Paris Med Unis Rat Scandal Corpses Used In Crash Tests

Story ByJoseph Golder, Sub EditorJoseph GolderAgencyCentral European News 

It has been claimed that corpses donated to science at a top medical university in Paris that are making headlines for having been eaten by rats and infested with fly eggs were also being sold to private companies for profit and used in “crash tests.”

It has also been claimed that “there was trafficking going on” with “body parts” being sold “on Saturday mornings to surgeons, who took them away. Everything was for sale.”

Picture Credit: CEN/Google Maps

The Universite Rene Descartes Paris has now announced the closure of its donation centre in the wake of the scandal that is rocking the French capital.

The university, which is famous in the French medical world for its high standards, is being rocked by a scandal involving allegations that it had been storing bodies donated to science in appalling conditions for decades, with some even being eaten by rats, being left to rot and being unceremoniously stacked on top of one another before being incinerated once they were unusable.

As well as leaving corpses to rot – instead of being used to teach students or conduct medical research – the ‘Centre du don des corps – Paris Descartes’ (Corpse donation centre; CDC) is also under fire for allegedly selling cadavers to private enterprise for 420 to 900 EUR (357 to 766 GBP) per corpse.

Audit company KPMG has been quoted by L’Express – who broke the story on Tuesday 26th November revealing the atrocious conditions corpses had been kept in – as saying that private organisations contributed 75 percent of the centre’s turnover in 2013.

Picture Credit: CEN/Google Maps

Professor Guy Vallancien, head of the CDC from 2004 to 2014, reportedly told L’Express that “There was trafficking going on.
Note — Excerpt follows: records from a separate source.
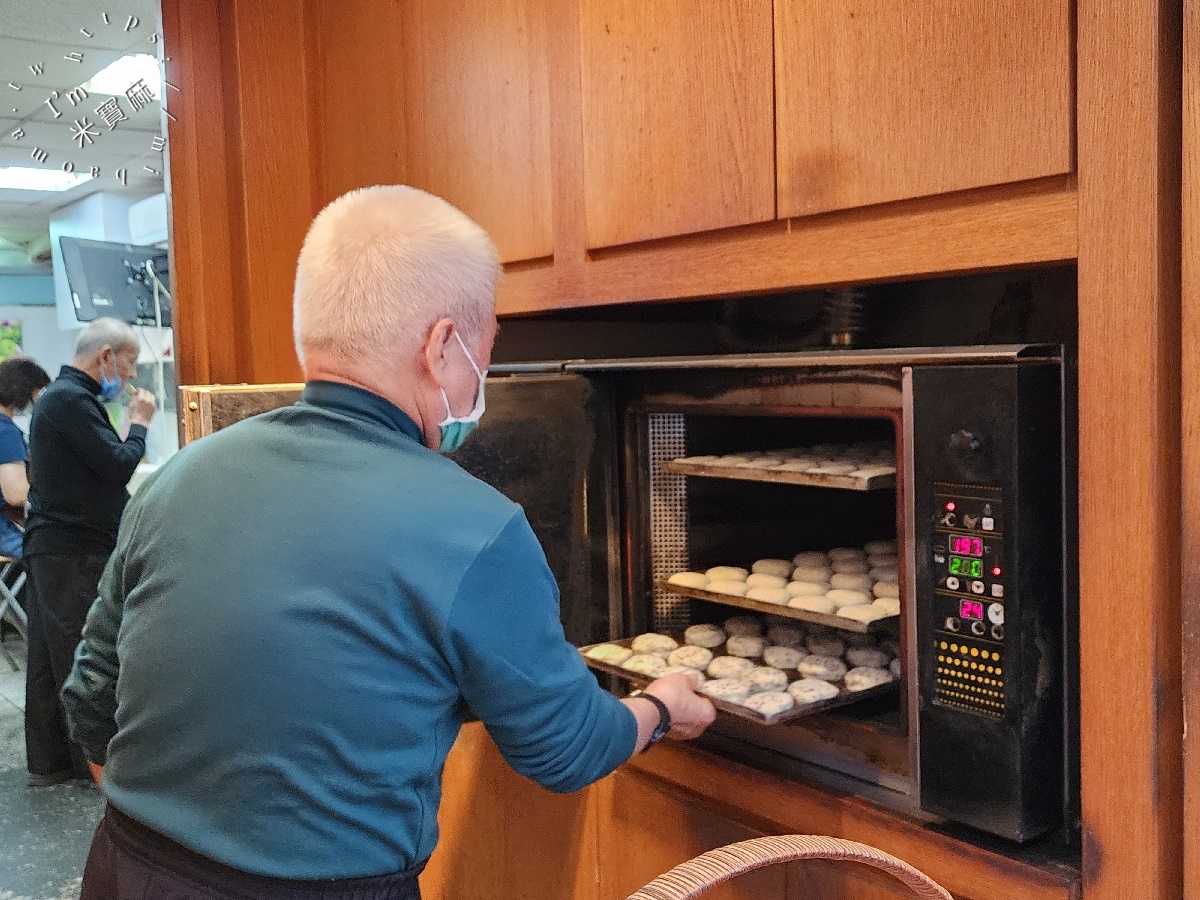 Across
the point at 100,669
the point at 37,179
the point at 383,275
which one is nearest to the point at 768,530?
the point at 383,275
The preparers resold body parts on Saturday morning to surgeons, who took them away. Everything was for sale.”

This allegedly went on without the consent of the deceased or their loved ones, when they were supposed to have been used exclusively for research or to train the next generation of the country’s doctors.
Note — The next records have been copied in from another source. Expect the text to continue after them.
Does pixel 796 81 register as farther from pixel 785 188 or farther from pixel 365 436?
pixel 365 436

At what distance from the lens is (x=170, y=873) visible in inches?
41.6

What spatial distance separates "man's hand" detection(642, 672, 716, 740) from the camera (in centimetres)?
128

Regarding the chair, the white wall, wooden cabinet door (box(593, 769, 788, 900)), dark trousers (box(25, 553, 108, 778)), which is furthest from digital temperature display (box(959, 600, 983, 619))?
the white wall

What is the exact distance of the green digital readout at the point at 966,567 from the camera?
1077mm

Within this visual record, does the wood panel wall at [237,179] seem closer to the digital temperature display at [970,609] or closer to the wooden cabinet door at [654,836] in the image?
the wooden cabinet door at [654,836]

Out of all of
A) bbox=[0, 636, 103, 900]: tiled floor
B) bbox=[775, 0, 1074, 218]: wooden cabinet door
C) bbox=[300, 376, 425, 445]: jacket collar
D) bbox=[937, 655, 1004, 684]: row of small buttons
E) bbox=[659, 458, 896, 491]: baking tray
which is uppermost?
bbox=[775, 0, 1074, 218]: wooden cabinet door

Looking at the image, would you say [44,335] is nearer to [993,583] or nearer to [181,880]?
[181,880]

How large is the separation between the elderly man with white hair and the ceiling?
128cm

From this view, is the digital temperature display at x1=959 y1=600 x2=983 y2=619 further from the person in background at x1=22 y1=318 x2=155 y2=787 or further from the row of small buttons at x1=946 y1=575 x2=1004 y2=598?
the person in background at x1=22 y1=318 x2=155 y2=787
The situation was allegedly ongoing up to just a few days ago and had apparently been common for decades. The centre was also allegedly never modernised, not since it first opened in 1953.

The situation reportedly worsened in 2013, leading to Professor Richard Douard writing a 27-page report to the head of the university, Frederic Dardel, in 2016, describing the deplorable conditions.

The Rene Descartes University published a message on Wednesday on its website in which they apologised to affected family members of deceased people who had donated their bodies to the centre.

L’Express have reportedly seen photographs, which have not been published, which are said to show corpses in the middle of rooms, surrounded by indescribable clutter, “dismembered” bodies, a head that “was on the ground”. The same report mentions “dilapidated and inadequate” facilities, “non-hermetic cold rooms, with repeated failures” and the “proliferation of mice and of flies, with spawning eggs”.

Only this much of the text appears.